With a doubling in price for glyphosate, pre-emergence herbicides for soybeans have become price competitive, says Kevin Bradley, University of Missouri Extension specialist.

“In the past, the cost of two applications of glyphosate on a Roundup Ready soybean field has been unbeatable from an economic standpoint,” Bradley said. “Now at chemical cost of $11 to $12 per acre for brand-name glyphosate treatment, many pre-emergence soybean herbicides will cost about the same or less than glyphosate.

“Although generic glyphosate products will likely remain slightly lower in cost than many pre-emergence treatments, I still think there is a strong case to be made for the use of pre-emergence soybean herbicides.”
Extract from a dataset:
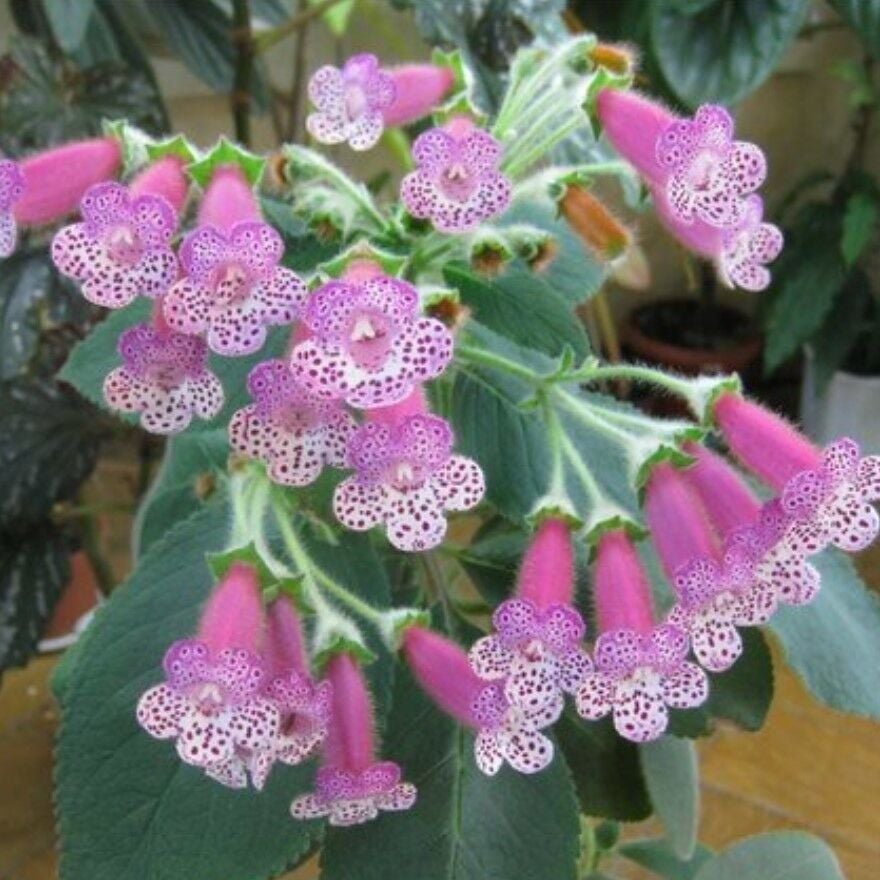 Koleksiyonluk Thads Uncle Ron Kohleria Japon Küpelisi Çiçeği Fidesi (Mini Potta)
“Our survey of Missouri producers last year revealed that a majority of first-pass glyphosate applications in soybeans were made when weeds were 7 to 10 inches tall,” Bradley said. “At that point, yield loss will probably have already occurred.”

“A pre-emergence herbicide will eliminate that early weed competition and yield loss.” Although each weed species differs in its competitive ability, Bradley recommends that glyphosate be sprayed before the weeds in a field reach a height of 6 inches.

Bradley does recommend use of glyphosate for weeds that escape or for weeds that emerge later in the growing season.

The ease of treatment has made glyphosate the most popular weed control method in soybeans. “However, an advantage of pre-emergence herbicides is to rotate herbicide modes of action and manage glyphosate-resistant weed species. Repeated exposure to glyphosate, generation after generation, has allowed herbicide-resistant weeds to develop.

“Surveys we conducted last year indicate glyphosate-resistant waterhemp now occurs on 4 percent of the soybean acres in Missouri,” Bradley said.

Pre-emergence herbicides available this year include Authority First, Boundary, Canopy, Dual II Magnum, Envive, IntRRo, Prefix, Prowl H2O, Sonic, Valor and Valor XLT. “All are currently costing about the same as or less than a brand-name glyphosate treatment,” Bradley said.

Most of them also will provide good control of glyphosate-resistant waterhemp. Continued use of glyphosate on weeds showing resistance will only intensify the problem.

If producers decide to use glyphosate, they should not cut the application rate to save costs. “Reduced rates usually translate into reduced weed control and increased yield loss,” Bradley said. “Cutting rates to save a few cents will likely lead to lower yields at the end of the season.”

For years, soybean acreage has been the leading cash crop in Missouri.